AM Psalm 89:1-18;  Hosea 2:14-23Acts 20:17-38Luke 5:1-11

The readings for this morning remind me of how incredibly broad the arms of God stretch. I know for myself, sometimes it’s hard to remember how immense God’s reach is. There are times when I feel as though God is so close, that I need to remind myself that God’s also holding the children who are caught in the middle of the horrific violence of the war in the Middle East. In places so far away that I have no concept of the distance. That none of us is ever alone.

The God we see in the Hebrew Bible can seem quite distant at times. There are long stretches when God’s chosen people feel totally abandoned and alone. There are images of a wrathful, enraged God and then today in Hosea there are images of a God so tender, so loving, so present it brings me to tears. The immense breadth of God’s love for God’s children knows no limits. Neither does God’s presence know any limits.

In the reading from Luke for today, Jesus asks the not-yet-called disciples to have faith in him, to trust, to take a step-outside of their comfort zone. Perhaps they intuitively knew, he could be trusted, however, it was definitely a risk, one that proved worth taking.

This past week our community experienced the shock of another mass shooting that was way too close to home. Like so many communities across our nation, where mass shootings are commonplace, there are now flowers and touching memorials in Southside where four lives were taken and many more were injured. It was disheartening to realize something so deadly could happen so close to home, in an area where families gather, where my family has frequently celebrated birthdays and spent time together, never not feeling safe. A place so close that if I had been on my back porch I could have heard the gun fire. Unfortunately, the community of Saint Stephen’s knows what this intrusion feels like much better than I do.

God’s infinite capacity to touch our lives, to be engrained in the very fiber of our being, far surpasses what I can mentally conceive. Perhaps that’s why our faith is so vitally important. To trust those things, we are assured of even though we have limited capacity to even imagine the possibility.

Even though life is full of uncertainty, we also live under the shadow of God’s watchful, loving presence, and no matter how removed we may feel from God, God is never removed from us. The simple fishermen became the cornerstone of what became the church. Their faith and love for Jesus grew and they followed him even to their death.
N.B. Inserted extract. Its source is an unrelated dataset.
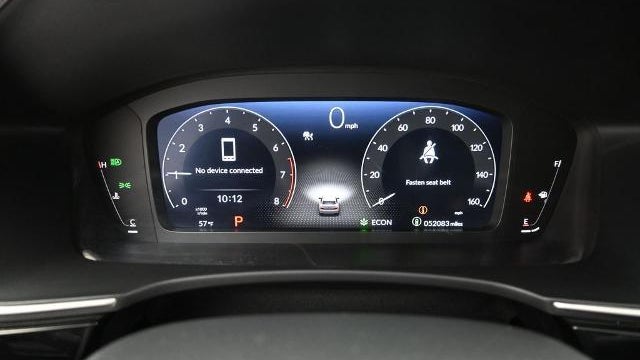 2023 Honda Civic Touring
Hosea spoke a message of unending love by God for the people of Israel, even though they had proven over and over to be incapable of faithful, obedience.

I pray that our community has faith in God’s power to heal, to be present and to bless even the worst of circumstances and bring light to solutions in situations where there appears to be none.

Faithfully,

Sally+

Questions to Challenge and Reflect: When was the last time you stepped out of your comfort zone to be present to others? What might you do to demonstrate your faith in God’s overarching presence and healing power?